■ Supplied material:
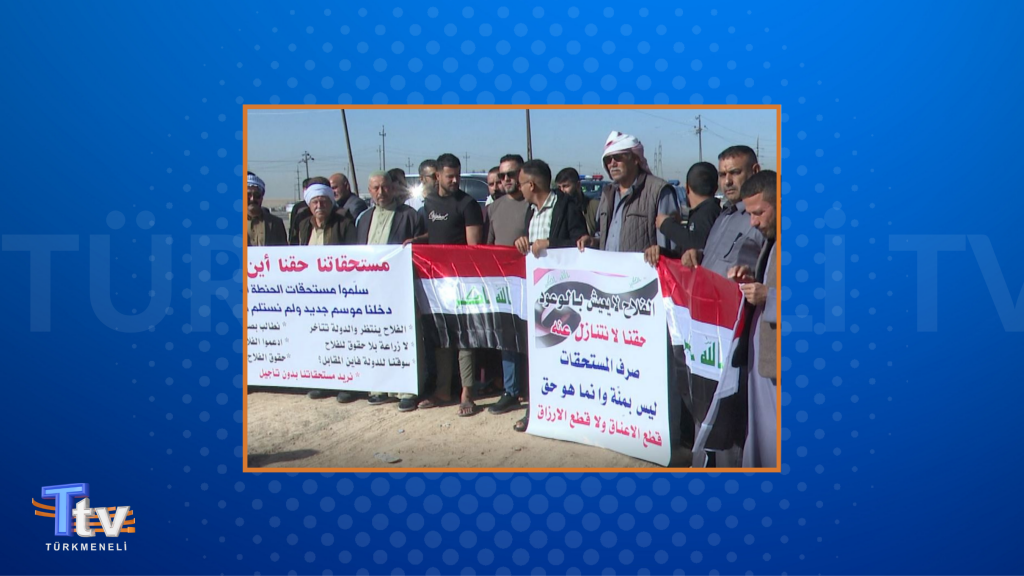 Kerkük'te çiftçilerden protesto gösterisi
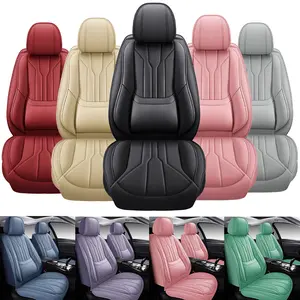 Universal Nappa Leather Car Seat Cover ,Full Set Seat Protector, Full Wrapping Front Rear Cover,40/60 Cushions Fit For Honda /Civic /Toyota / Kia /Sorento /4Runner /Camry /Hyundai /Mazda/Nissan (Red)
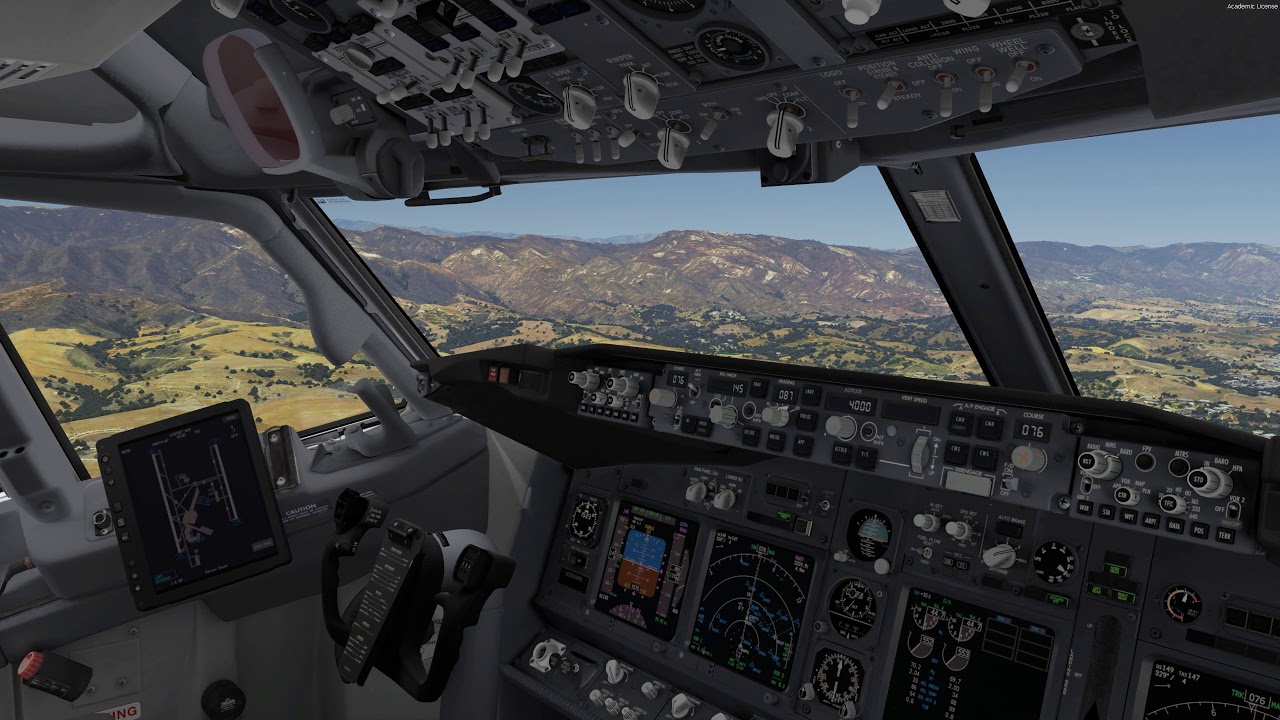 [P3D5] B737-700 Southwest Airlines. Approach to Santa Barbara (4K)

■ Exercise directions:
Skip the pictures and write out exactly the lines from the line containing "Universal Nappa Leather" through the end of the listing above.

■ Expected output:
 Universal Nappa Leather Car Seat Cover ,Full Set Seat Protector, Full Wrapping Front Rear Cover,40/60 Cushions Fit For Honda /Civic /Toyota / Kia /Sorento /4Runner /Camry /Hyundai /Mazda/Nissan (Red)
 [P3D5] B737-700 Southwest Airlines. Approach to Santa Barbara (4K)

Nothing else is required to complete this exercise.